[Stored records]
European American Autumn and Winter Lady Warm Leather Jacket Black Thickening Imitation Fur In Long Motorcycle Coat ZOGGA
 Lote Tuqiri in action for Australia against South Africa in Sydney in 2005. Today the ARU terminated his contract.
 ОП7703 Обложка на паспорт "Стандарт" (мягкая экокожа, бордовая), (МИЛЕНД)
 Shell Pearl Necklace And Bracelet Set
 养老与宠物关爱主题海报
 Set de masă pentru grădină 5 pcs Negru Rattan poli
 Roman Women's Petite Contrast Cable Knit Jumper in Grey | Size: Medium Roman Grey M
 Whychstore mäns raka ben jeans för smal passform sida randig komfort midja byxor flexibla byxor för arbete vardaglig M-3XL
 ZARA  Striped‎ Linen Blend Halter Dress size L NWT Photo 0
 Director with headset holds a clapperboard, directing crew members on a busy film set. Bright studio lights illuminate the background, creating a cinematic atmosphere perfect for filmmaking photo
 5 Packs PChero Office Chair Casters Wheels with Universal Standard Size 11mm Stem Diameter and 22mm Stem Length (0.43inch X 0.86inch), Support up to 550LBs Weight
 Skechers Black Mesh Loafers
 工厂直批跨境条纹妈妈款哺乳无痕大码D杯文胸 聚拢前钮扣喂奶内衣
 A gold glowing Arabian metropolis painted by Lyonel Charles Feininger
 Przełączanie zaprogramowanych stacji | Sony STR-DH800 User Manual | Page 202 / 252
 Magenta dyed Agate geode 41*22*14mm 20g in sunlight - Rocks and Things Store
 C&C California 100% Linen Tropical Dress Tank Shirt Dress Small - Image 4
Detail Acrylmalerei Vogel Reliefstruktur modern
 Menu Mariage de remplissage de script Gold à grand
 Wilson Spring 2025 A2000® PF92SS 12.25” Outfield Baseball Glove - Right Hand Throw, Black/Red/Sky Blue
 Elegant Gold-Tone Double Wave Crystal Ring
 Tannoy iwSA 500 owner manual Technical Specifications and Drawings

• _What this task involves_: Lines from the first one above through the line containing "工厂直批跨境条纹妈妈款哺乳无痕大码D杯文胸 聚拢前钮扣喂奶内衣" are to be retyped exactly, both included, and nothing more.

• _Written reply_:
European American Autumn and Winter Lady Warm Leather Jacket Black Thickening Imitation Fur In Long Motorcycle Coat ZOGGA
 Lote Tuqiri in action for Australia against South Africa in Sydney in 2005. Today the ARU terminated his contract.
 ОП7703 Обложка на паспорт "Стандарт" (мягкая экокожа, бордовая), (МИЛЕНД)
 Shell Pearl Necklace And Bracelet Set
 养老与宠物关爱主题海报
 Set de masă pentru grădină 5 pcs Negru Rattan poli
 Roman Women's Petite Contrast Cable Knit Jumper in Grey | Size: Medium Roman Grey M
 Whychstore mäns raka ben jeans för smal passform sida randig komfort midja byxor flexibla byxor för arbete vardaglig M-3XL
 ZARA  Striped‎ Linen Blend Halter Dress size L NWT Photo 0
 Director with headset holds a clapperboard, directing crew members on a busy film set. Bright studio lights illuminate the background, creating a cinematic atmosphere perfect for filmmaking photo
 5 Packs PChero Office Chair Casters Wheels with Universal Standard Size 11mm Stem Diameter and 22mm Stem Length (0.43inch X 0.86inch), Support up to 550LBs Weight
 Skechers Black Mesh Loafers
 工厂直批跨境条纹妈妈款哺乳无痕大码D杯文胸 聚拢前钮扣喂奶内衣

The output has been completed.